I’m delighted to be here today to hear about Margret Hicky’s recent book “Ireland Green Larder”. This is a unique book that captures a very relevant subject to Irish identity and intimately narrates the story of Irish food historically, sociologically and through literature.

Margret shows that our “green and life-giving larder” is worth celebrating and that the story of our food is not just an interesting topic, but an integral part of the history of Ireland itself and a constant story of passing life on to the next generation.

Ireland’s success in innovation, technology and business internationally today is also matched with an outstanding Agri-Food reputation which builds on centuries, in fact, millennia of experience from the ancient field system of the Ceide Fields to today’s thriving food scene in Ireland.

Agri-Food is Ireland’s largest indigenous sector exporting outstanding quality food and drinks to 180 markets with the US being Ireland’s second largest export market after the United Kingdom. Ireland is indeed a food Island with a 140,000 family farms that make up over 60% of Ireland.

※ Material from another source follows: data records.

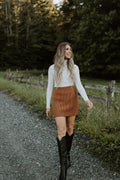 Carmen Skirt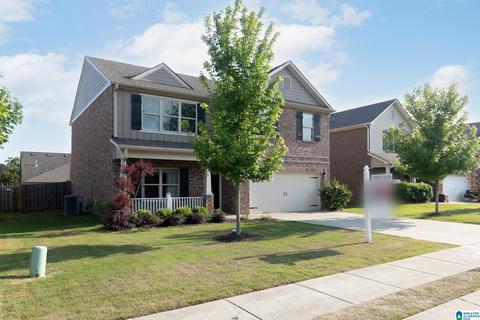 735 Crider Rd, Maylene, AL 35114 photo 2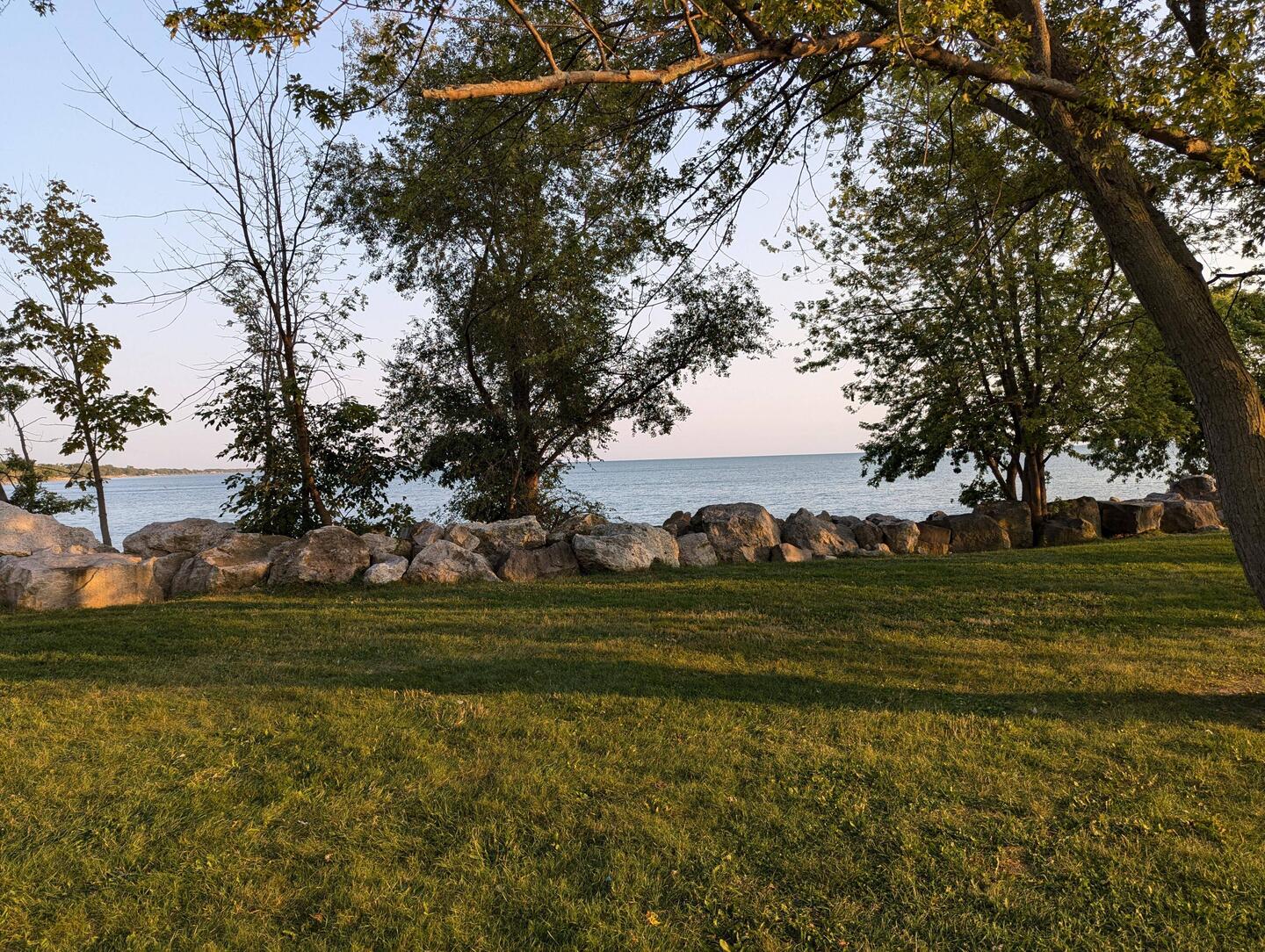 Rick Atkin Park
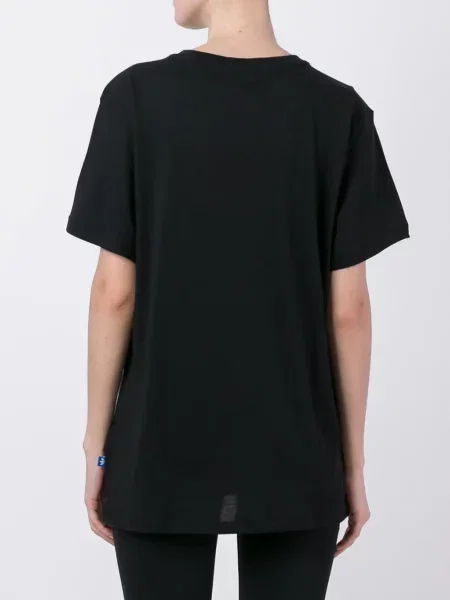 Tricou Adidas negru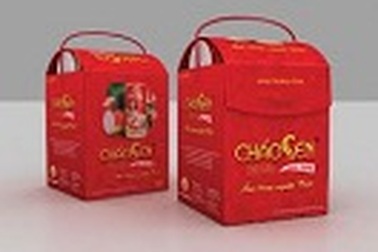 Cháo ăn liền Minh Trung - Đảm bảo 100% không chất bảo quản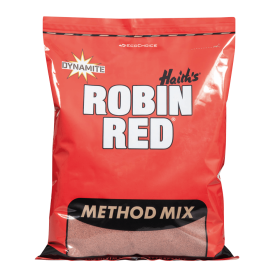 Nadă DB Robin Red Method Mix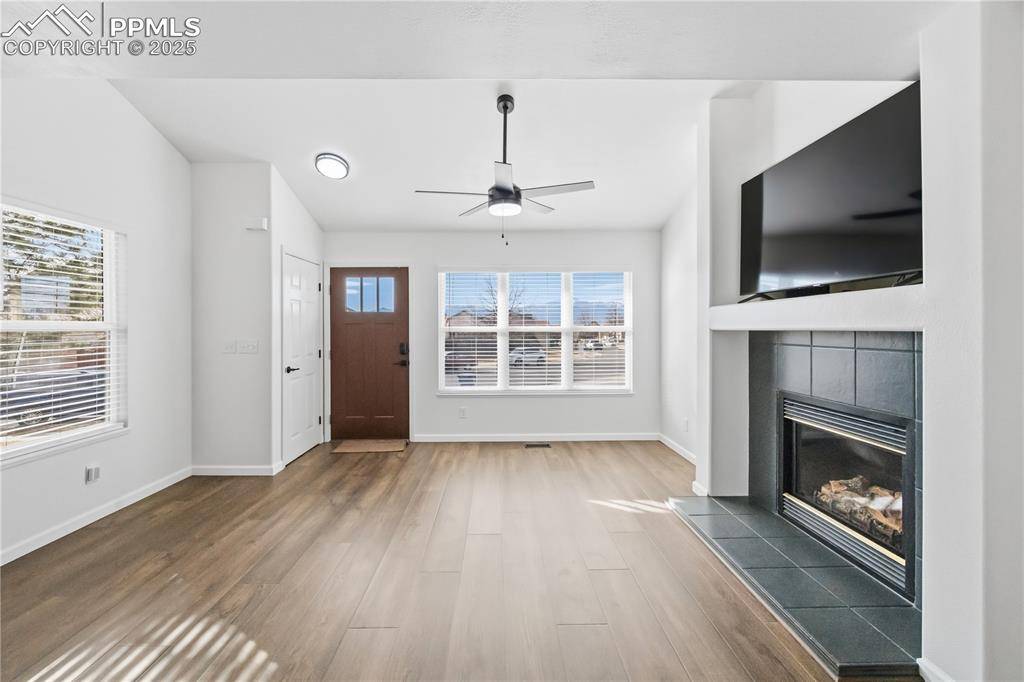 Colorado Springs, CO 80923,5024 Chariot DR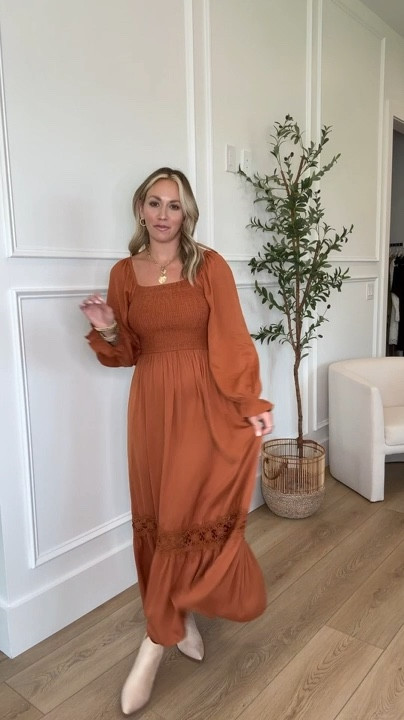 Amazon fall family photo dresses! // Wearing my tts S in all of them!

Fall outfit, dress, wedding guest 

#LTKSeasonal #LTKStyleTip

“Ireland Green Larder’s” chapters are allocated to Irish produce that always formed a part of our living as Irish people and continues today to be a contributor to our international success as a top quality food producer of dairy, meat, drinks and grain.

It wouldn’t be a surprise for the 8th century St Bede who once said about Ireland “The island abounds in milk and honey”, nor to the Elizabethan traveller Fynes Moryson, who wrote that the Irish regarded “milk like nectar” to know that Ireland today produces 10% of the world’s infant formula and more than 50% of the world’s cream liqueur.

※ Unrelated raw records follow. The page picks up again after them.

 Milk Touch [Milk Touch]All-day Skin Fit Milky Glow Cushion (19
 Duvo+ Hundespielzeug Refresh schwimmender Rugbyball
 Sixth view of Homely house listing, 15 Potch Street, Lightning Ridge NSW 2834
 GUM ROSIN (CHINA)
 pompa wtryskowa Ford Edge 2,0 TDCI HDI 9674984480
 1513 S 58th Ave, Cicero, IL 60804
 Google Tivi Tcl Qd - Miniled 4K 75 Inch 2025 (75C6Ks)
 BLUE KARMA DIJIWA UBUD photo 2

Margret says in her book that “it is almost impossible to overstate the central significance of butter as we trace the history of food in Ireland”. Irish butter today is not a stranger to American consumers. Kerrygold is the No. 1 imported butter into the US and overall, the no. 2 butter brand in US

Margret argues that Irish beef stew is Ireland’s national dish and not bacon and cabbage. Perhaps the fact that, in beef, we are the largest net exporter in the Northern Hemisphere may add to her argument.

The list continues but before I introduce Margret let me tell you that Origin Green is Ireland’s national sustainability programme for our entire food and drink industry, and a key delivery of the Irish Government’s globally focused agri-food strategy, FoodWise 2025. It is the only food and drink sustainability programme in the world operating on a national scale.

I’m looking forwards to Margret presentation. Margaret Hickey read English at Trinity College, Dublin. As Food and Drink Editor at Country Living magazine she commissioned a range of food writers and chefs. She also pursued her freelance writing career, contributing articles on food, drink and travel to most of the British national press, including The Financial Times, The Guardian and The Times. In 1999 she moved to Ireland to complete a book commissioned by UK publisher Kyle Cathie. Irish Days, a collection of oral histories, was published in 2001 and received national coverage in both Ireland and the UK. She is currently Vice Chairperson of Portumna Arts Group, which runs Shorelines, an annual art festival recognised by the Arts Council.